High-throughput analysis of human cytomegalovirus genome diversity highlights the widespread occurrence of gene-disrupting mutations and pervasive recombination

J Virol. 2015 Aug 1;89(15):7673-7695. doi: 10.1128/JVI.00578-15. Epub 2015 May 13.

Abstract

Human cytomegalovirus is a widespread pathogen of major medical importance. It causes significant morbidity and mortality in the immunocompromised and congenital infections can result in severe disabilities or stillbirth. Development of a vaccine is prioritized, but no candidate is close to release. Although correlations of viral genetic variability with pathogenicity are suspected, knowledge about strain diversity of the 235kb genome is still limited. In this study, 96 full-length human cytomegalovirus genomes from clinical isolates were characterized, quadrupling the available information for full-genome analysis. These data provide the first high-resolution map of human cytomegalovirus interhost diversity and evolution. We show that cytomegalovirus is significantly more divergent than all other human herpesviruses and highlight hotspots of diversity in the genome.
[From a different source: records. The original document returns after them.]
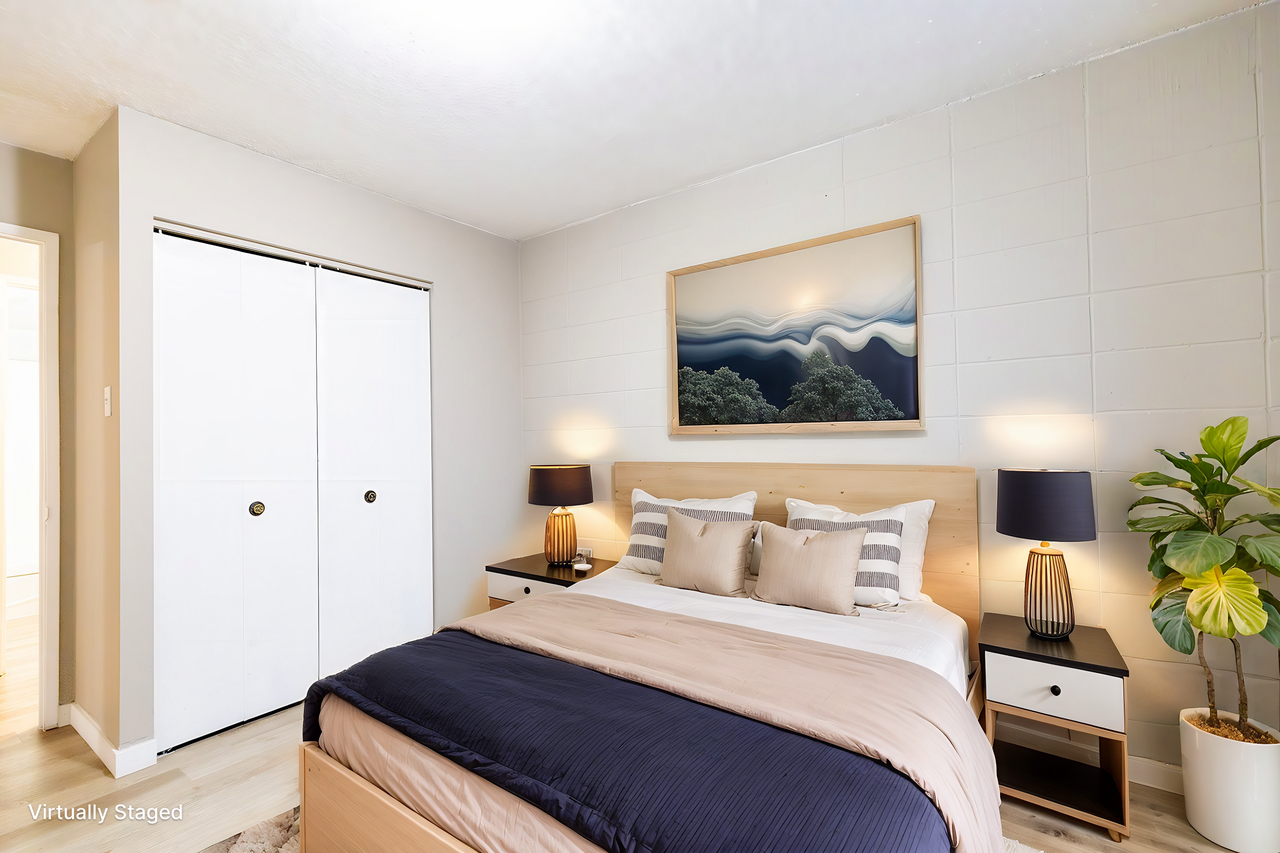 Tuxedo Park Apartments - Photo 4 of 15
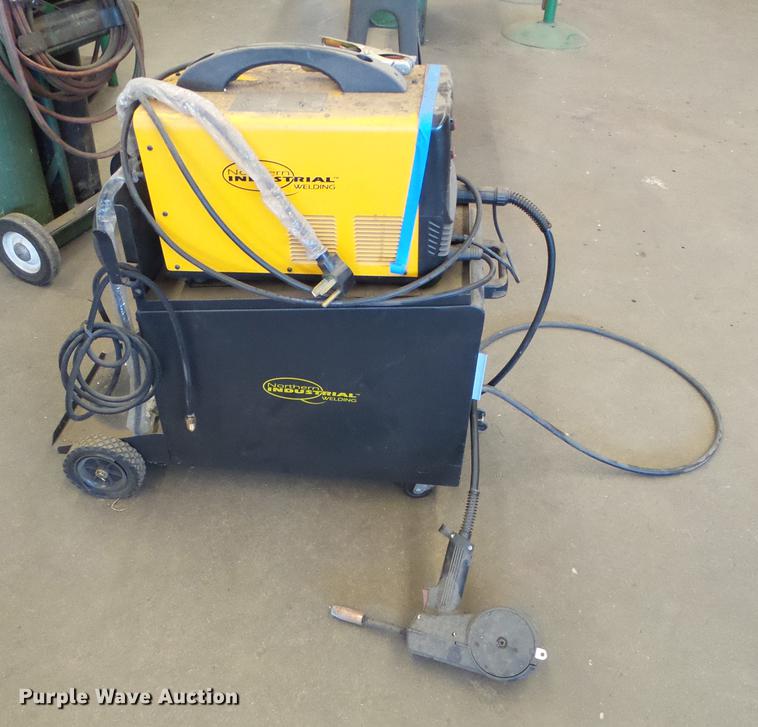 image for item EQ9003 Tools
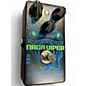 Used Catalinbread Naga Viper Effect Pedal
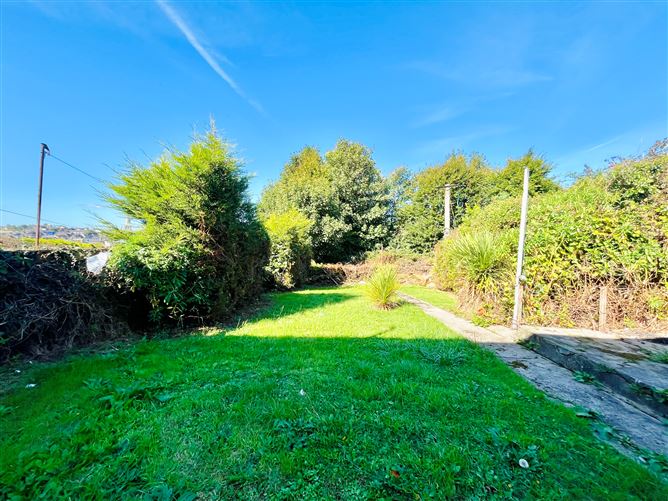 77 Slaney View Park, Enniscorthy, Wexford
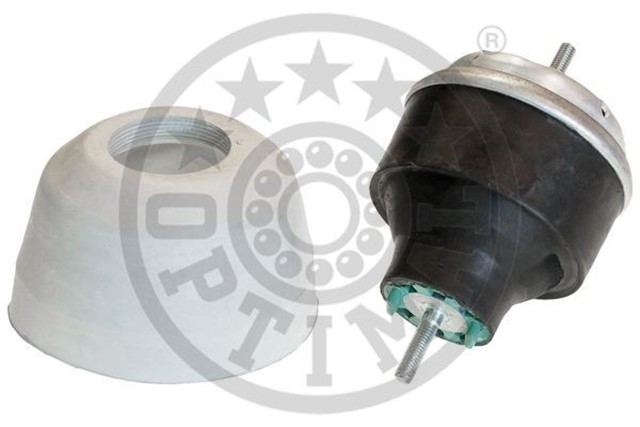 MOTOR TAKOZU SAG PASSAT - A4 - A6 ALZ - AFN - AVG - AVF - ADR - AEB - AWT 1.6 - 1.8 T - 1.9 TDI 97 - 04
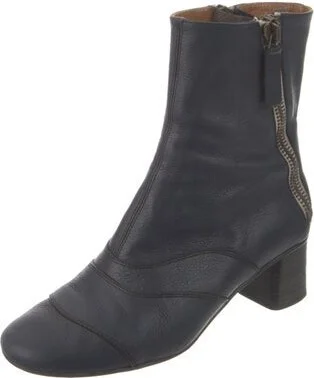 Chloé - Image 2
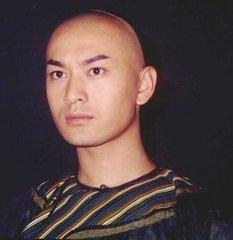 秀丽王:古人为什么说牡丹是“花中富贵者”
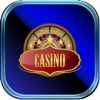 Grand Casino DoubleHit Slots Vegas -Free Slot Casino Game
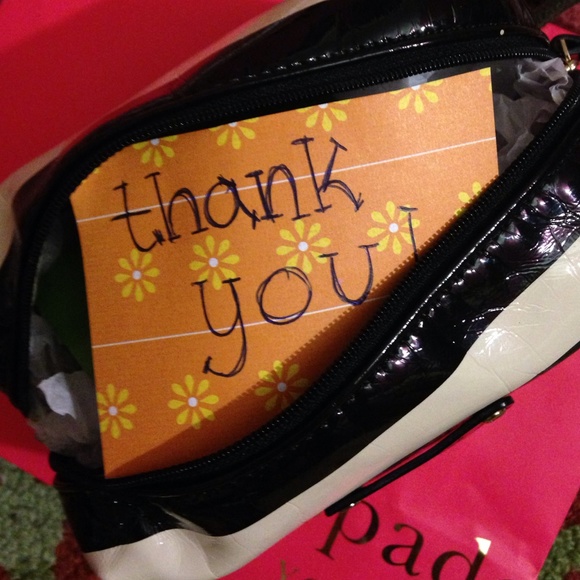 Come On In! π - Picture 2 of 3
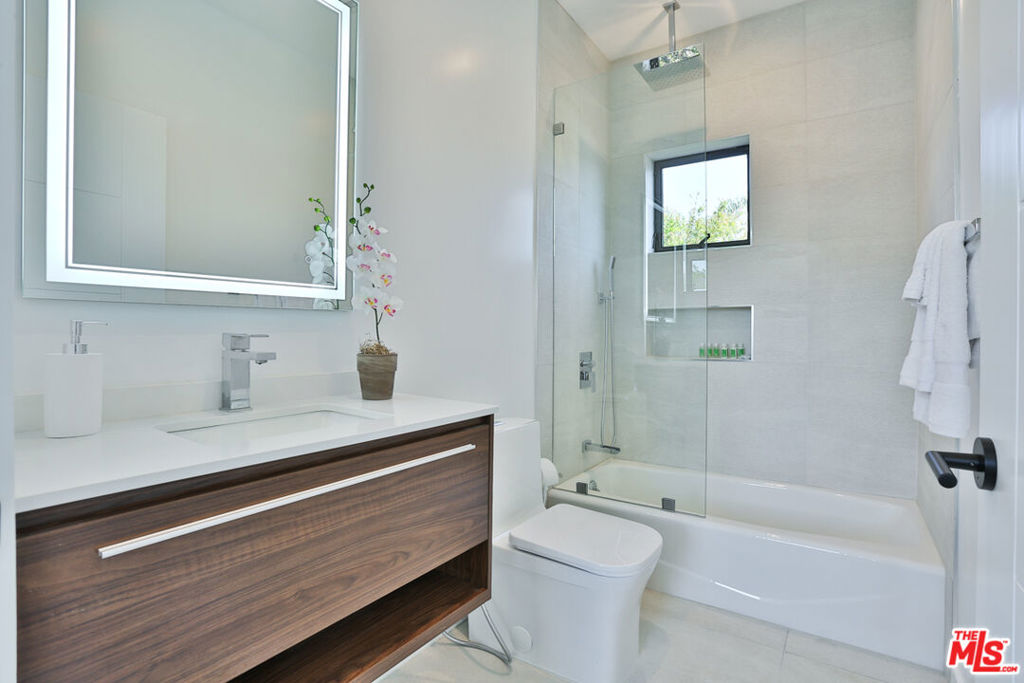 MLS #25626377 image #34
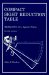 Compact Sight Reduction Table cover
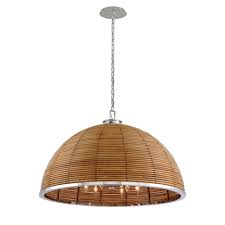 Aug 19, 2020 · samsung galaxy note 20 ultra 5g (review), note 10 plus (review), and galaxy a50, galaxy m31s all have one thing in common i.ee the infinity o screen. Best Selling Corbett Lighting Martyn Lawrence Bullard Carayes 40 Inch Large Pendant Carayes 277 412 Tropical Accuweather Shop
Importantly, 75% of strains are not genetically intact, but contain disruptive mutations in a diverse set of 26 genes, including immunomodulative genes UL40 and UL111A. These mutants are independent from culture passaging artifacts and circulate in natural populations. Pervasive recombination, which is linked to the widespread occurrence of multiple infections, was found throughout the genome. Recombination density was significantly higher than in other human herpesviruses and correlated with strain diversity. While the overall effects of strong purifying selection on virus evolution are apparent, evidence of diversifying selection was found in several genes encoding proteins that interact with the host immune system, including UL18, UL40, UL142 and UL147. These residues may present phylogenetic signatures of past and ongoing virus-host interactions.

Importance: Human cytomegalovirus has the largest genome of all viruses that infect humans. Currently, there is a great interest in establishing associations between genetic variants and strain pathogenicity of this herpesvirus. Since the number of publicly available full-genome sequences is limited, knowledge about strain diversity is highly fragmented and biased towards a small set of loci. Combined with our previous work, we have now contributed 101 complete genome sequences. We have used these data to conduct the first high-resolution analysis of interhost genome diversity, providing an unbiased and comprehensive overview of cytomegalovirus variability. These data are of major value to the development of novel antivirals and a vaccine and to identify potential targets for genotype-phenotype experiments. Furthermore, they have enabled a thorough study of the evolutionary processes that have shaped cytomegalovirus diversity.